Dec 03, 2014 07:14 AM EST
NASA Orion Capsule Faces Big Test Flight on Thursday

An unmanned version of an Orion capsule, built for NASA by Lockheed Martin, will become the first U.S. spaceship designed to fly astronauts beyond Earth's orbit for the first time since the 1960s era Apollo moon program.

The spaceship will liftoff aboard a Delta 4 Heavy rocket at 7:05 a.m. EST from Cape Canaveral Air Force Station in Florida, NASA officials confirmed on Tuesday. The rocket was built and will be flown by United Launch Alliance, a joint venture of Lockheed Martin and Boeing. It will catapult a capsule around 3,600 miles from Earth so it can slam back into the atmosphere at a speed of 20,000 mph.

The Thursday test run will be followed in four years with the launch of a second Orion capsule, also unmanned, on the first flight of NASA's Space Launch System rocket. That flight will send the capsule around the moon, according to Reuters.

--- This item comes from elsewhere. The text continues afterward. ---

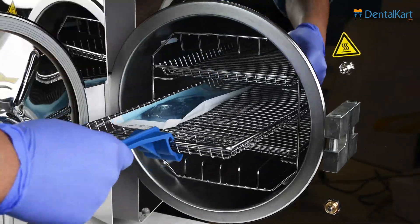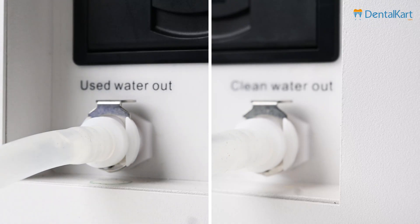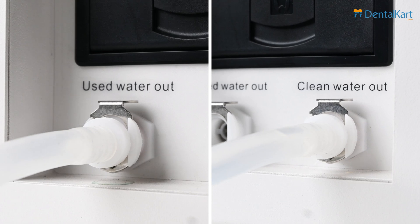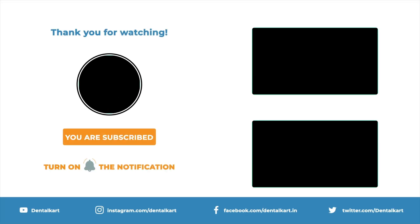Once the instruments have been safely removed, drain the clean and used water from the autoclave. Insert the supplied drain tube into the designated clean and used water drain port — the water will flow out automatically. Ensure both tanks are properly emptied to maintain optimal performance and hygiene. Thank you for watching, and wishing you a successful and sterilization-safe dental practice.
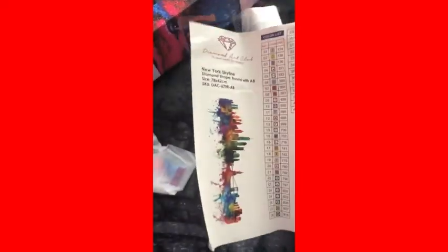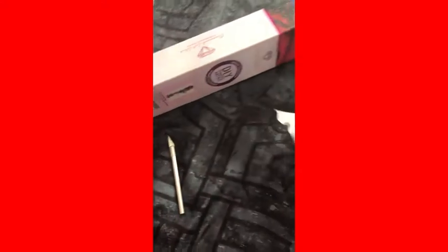But yeah, it's 41 colors. They did not have the sticker sheet in it last time — they had like a strip. You know, diamond art kit, round. Everybody knows what they look like, I'm not really going to show them.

Orion's third flight is expected to include astronauts and is set for 2021.

"Thursday is a huge day for us," NASA Orion Program Manager Mark Geyer said in a press statement, according to Reuters. "Part of me hopes that everything is perfect but really on a flight test like this ... we want to discover things that are beyond our modeling capability and beyond our expertise so we learn (about) it and fix it."

NASA wants to use Orion and the SLS rocket to send crews to Mars. Astronauts haven't tried to reach beyond Earth's orbit since the 1969-1972 Apollo moon program.

One of the main goals of the 4-1/2-hour flight is to figure out how well Orion's heat shield can withstand temperatures of about 4,000 Fahrenheit (2,200 Celsius), according to NASA.

Another important test is to see what happens when the capsule's 11 parachutes deploy to slow its descent to 20 mph so it can splash down in the Pacific Ocean. NASA wants to reuse the capsule to test an emergency escape system needed in the event of an accident during liftoff.